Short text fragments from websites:
————————
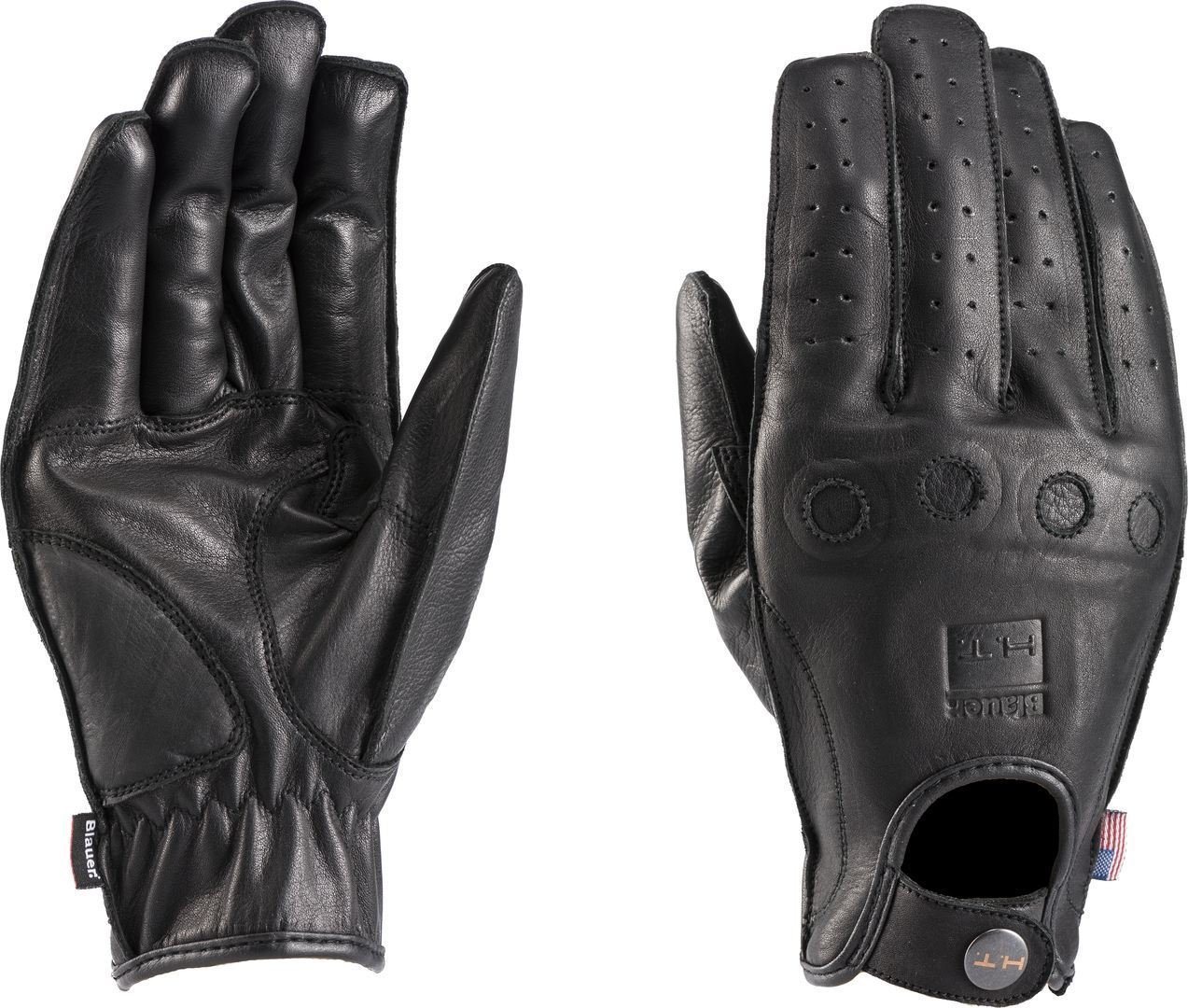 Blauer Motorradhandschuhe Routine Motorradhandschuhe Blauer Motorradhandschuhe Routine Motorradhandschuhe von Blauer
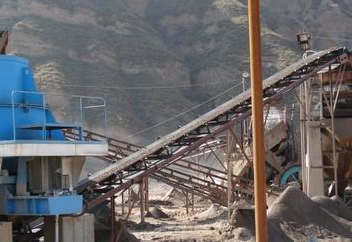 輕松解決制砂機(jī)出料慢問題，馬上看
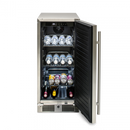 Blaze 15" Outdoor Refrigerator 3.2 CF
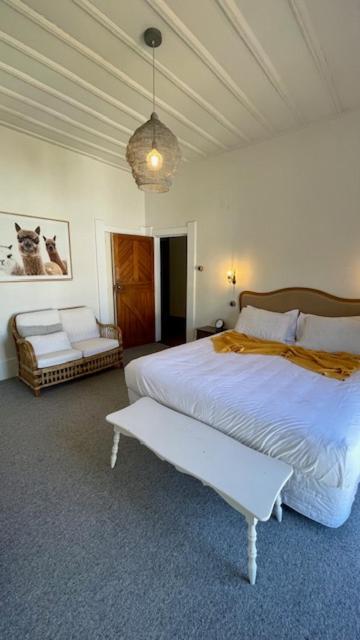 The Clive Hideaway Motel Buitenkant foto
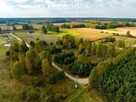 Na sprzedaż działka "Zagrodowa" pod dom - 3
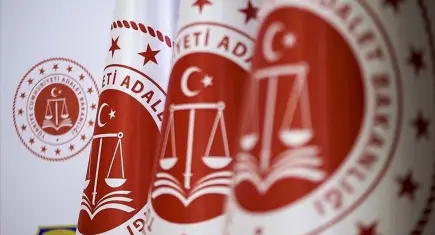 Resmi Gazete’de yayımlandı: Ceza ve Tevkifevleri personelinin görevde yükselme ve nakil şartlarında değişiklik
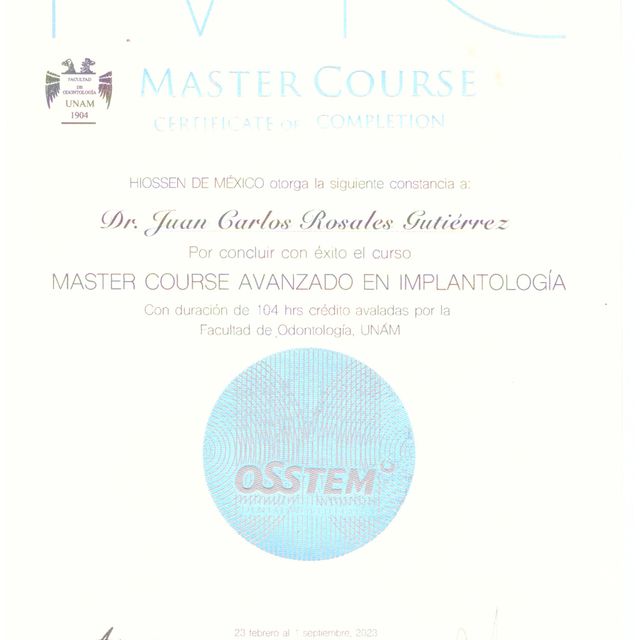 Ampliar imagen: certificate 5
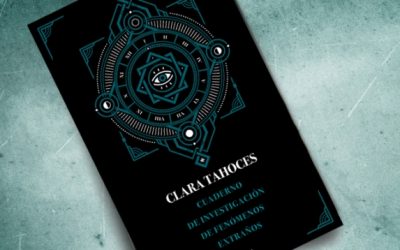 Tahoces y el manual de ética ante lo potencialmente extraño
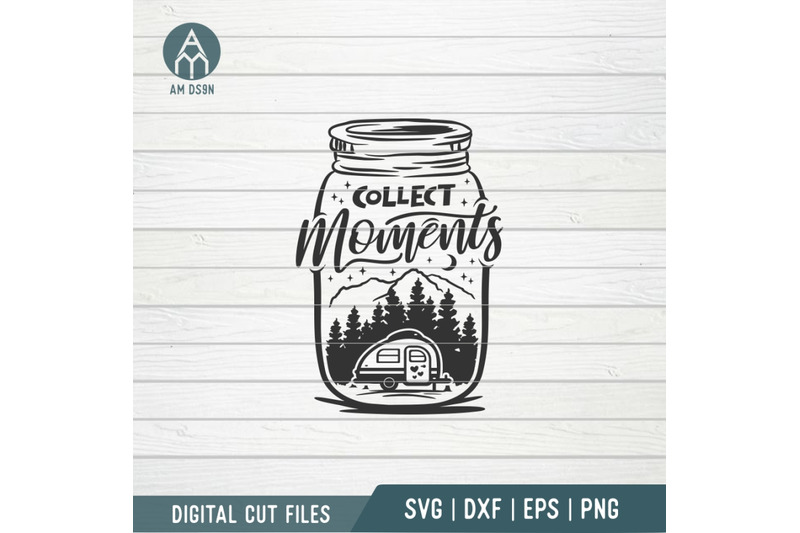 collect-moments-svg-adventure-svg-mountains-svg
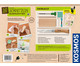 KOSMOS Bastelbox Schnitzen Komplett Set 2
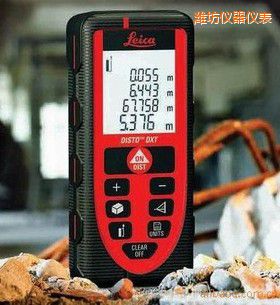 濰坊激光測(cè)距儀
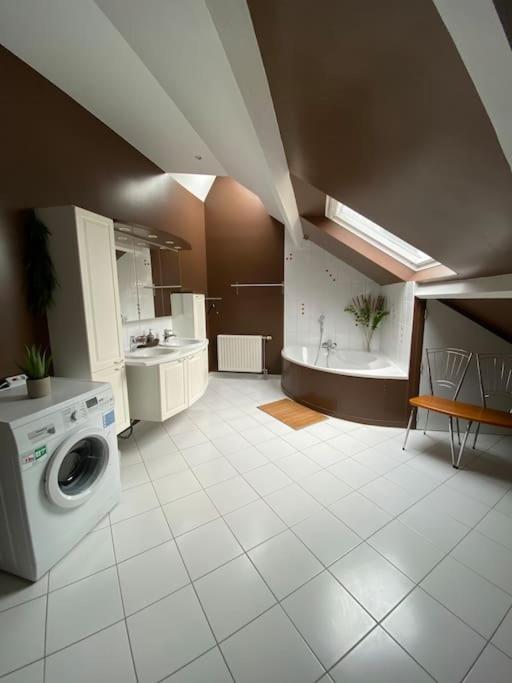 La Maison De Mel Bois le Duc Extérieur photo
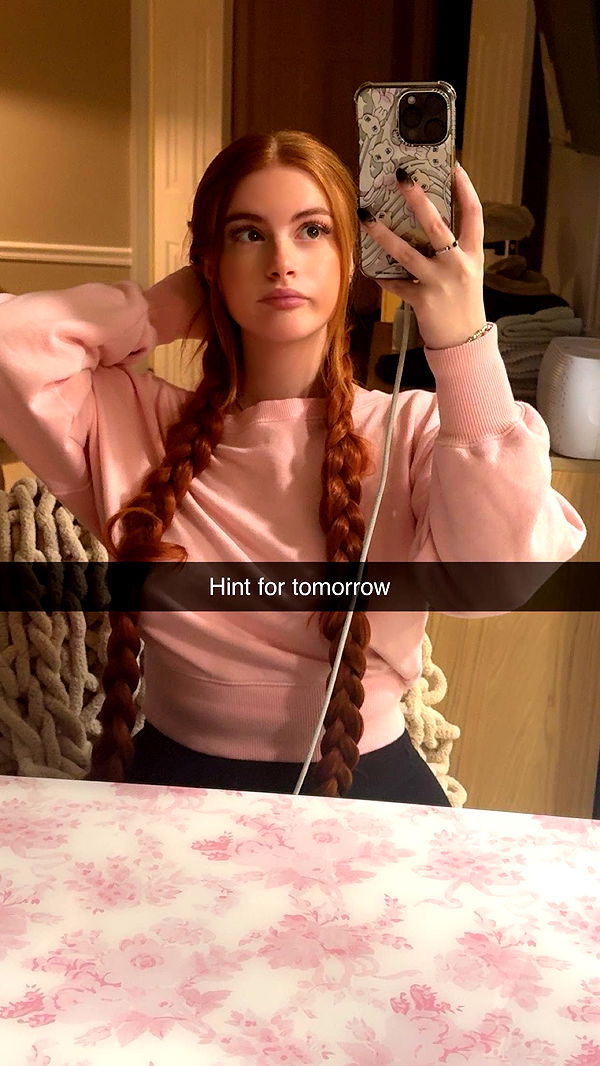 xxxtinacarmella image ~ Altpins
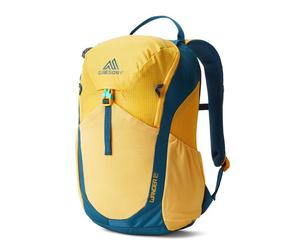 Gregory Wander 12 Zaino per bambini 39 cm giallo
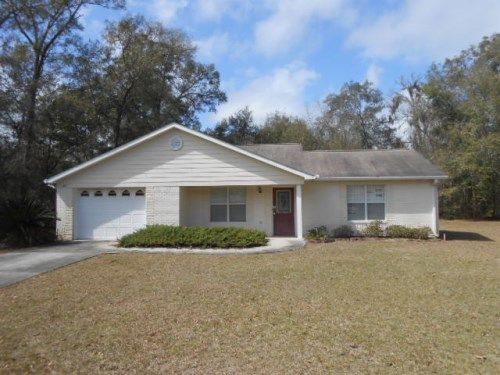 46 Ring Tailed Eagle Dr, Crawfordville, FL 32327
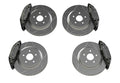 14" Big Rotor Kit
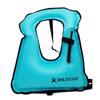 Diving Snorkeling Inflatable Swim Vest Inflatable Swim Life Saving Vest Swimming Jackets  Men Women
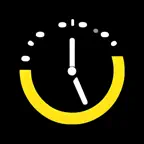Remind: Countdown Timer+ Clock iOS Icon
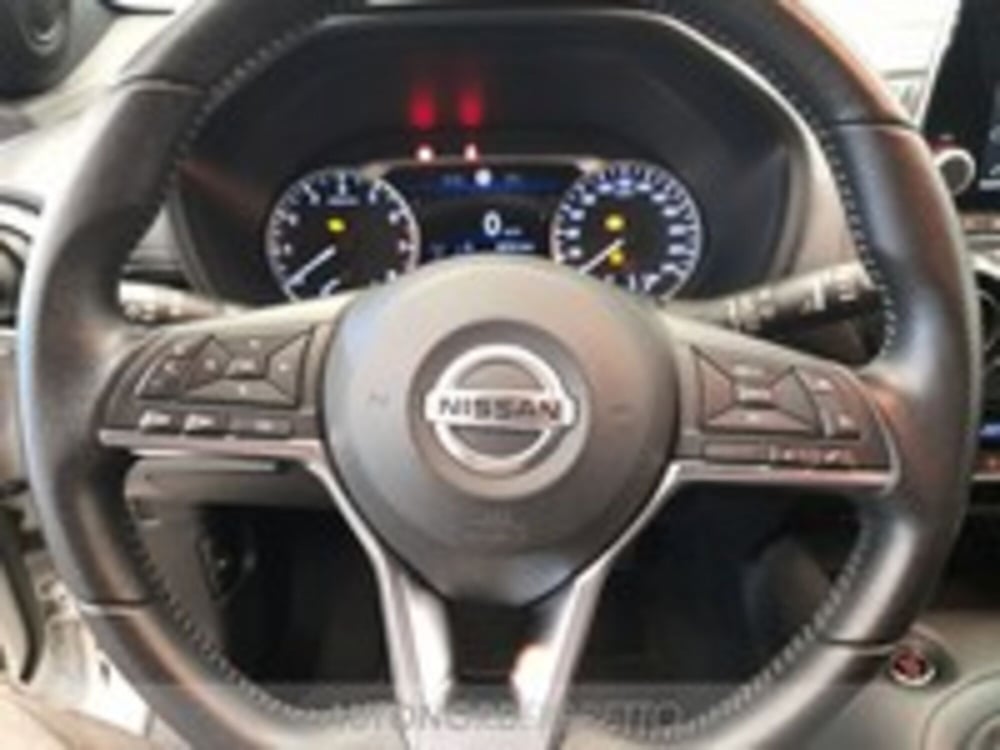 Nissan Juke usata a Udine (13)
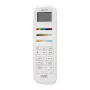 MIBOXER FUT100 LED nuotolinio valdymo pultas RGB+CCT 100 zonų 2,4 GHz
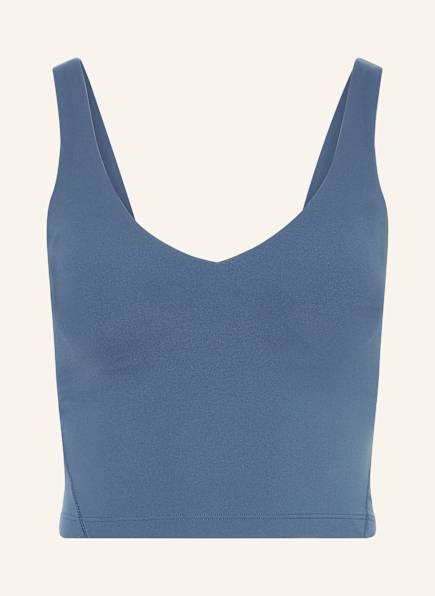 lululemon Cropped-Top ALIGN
————————
*ASSIGNED TASK*: Output all of the records word for word, and keep the pictures out of the copy.

*TASK ANSWER*:
 Blauer Motorradhandschuhe Routine Motorradhandschuhe Blauer Motorradhandschuhe Routine Motorradhandschuhe von Blauer
 輕松解決制砂機(jī)出料慢問題，馬上看
 Blaze 15" Outdoor Refrigerator 3.2 CF
 The Clive Hideaway Motel Buitenkant foto
 Na sprzedaż działka "Zagrodowa" pod dom - 3
 Resmi Gazete’de yayımlandı: Ceza ve Tevkifevleri personelinin görevde yükselme ve nakil şartlarında değişiklik
 Ampliar imagen: certificate 5
 Tahoces y el manual de ética ante lo potencialmente extraño
 collect-moments-svg-adventure-svg-mountains-svg
 KOSMOS Bastelbox Schnitzen Komplett Set 2
 濰坊激光測(cè)距儀
 La Maison De Mel Bois le Duc Extérieur photo
 xxxtinacarmella image ~ Altpins
 Gregory Wander 12 Zaino per bambini 39 cm giallo
 46 Ring Tailed Eagle Dr, Crawfordville, FL 32327
 14" Big Rotor Kit
 Diving Snorkeling Inflatable Swim Vest Inflatable Swim Life Saving Vest Swimming Jackets  Men Women
Remind: Countdown Timer+ Clock iOS Icon
 Nissan Juke usata a Udine (13)
 MIBOXER FUT100 LED nuotolinio valdymo pultas RGB+CCT 100 zonų 2,4 GHz
 lululemon Cropped-Top ALIGN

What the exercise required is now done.